New PhD Fellowship honors memory of image processing and computer vision pioneer and longtime ECE faculty member Thomas S. Huang
Thomas S. Huang was an internationally acclaimed researcher, mentor, educator, and beloved faculty member of the Electrical and Computer Engineering (ECE) Department at Illinois for over 40 years, where he guided the work of more than 120 PhD students and postdoctoral fellows studying image processing, pattern recognition, and computer vision.
On June 26, 2022, which would have been Huang’s 86th birthday, several former members of his research group and his family announced the establishment of the Thomas and Margaret Huang PhD Fellowship in ECE. Humphrey Shi (PhD 2017), Yong Rui (PhD 1999), Shuicheng Yan (Postdoc 2007), Chang Wen Chen (PhD 1992), and the Huang family have committed funds to initiate the Fellowship. The new Fellowship will support PhD students in the ECE department at Illinois.
The Fellowship is a fitting tribute to Huang. He and his late wife Margaret always treated members of his research group like family. In 2016, the ever-modest Huang paid tribute to his students during the celebration of his 80th birthday attended by over 70 of his former students.
“The one thing I have found over the years is [that] whatever I have accomplished, it’s entirely due to my students, so my career has really been the blessing of great students,” he said. “Mentoring students is the accomplishment I am most proud of.”

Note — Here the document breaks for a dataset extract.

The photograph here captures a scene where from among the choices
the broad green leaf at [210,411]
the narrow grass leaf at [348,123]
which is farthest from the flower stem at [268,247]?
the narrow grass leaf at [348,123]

His research group made remarkable contributions to the development of techniques and algorithms for storing, retrieving and enhancing digital pictures and videos, enabling computers to recognize objects and faces, as well as to the development of virtual interfaces. For example, the technologies behind UHD TVs, Google Street View, and Zoom backgrounds can be traced back to his pioneering work.
Early in his career, his visionary work helped shape current practices in imaging and video processing. Before his work, there had been very few ways to store an image such as photographic negatives and video cassettes. His work was instrumental in developing compression standards for CDs, for example.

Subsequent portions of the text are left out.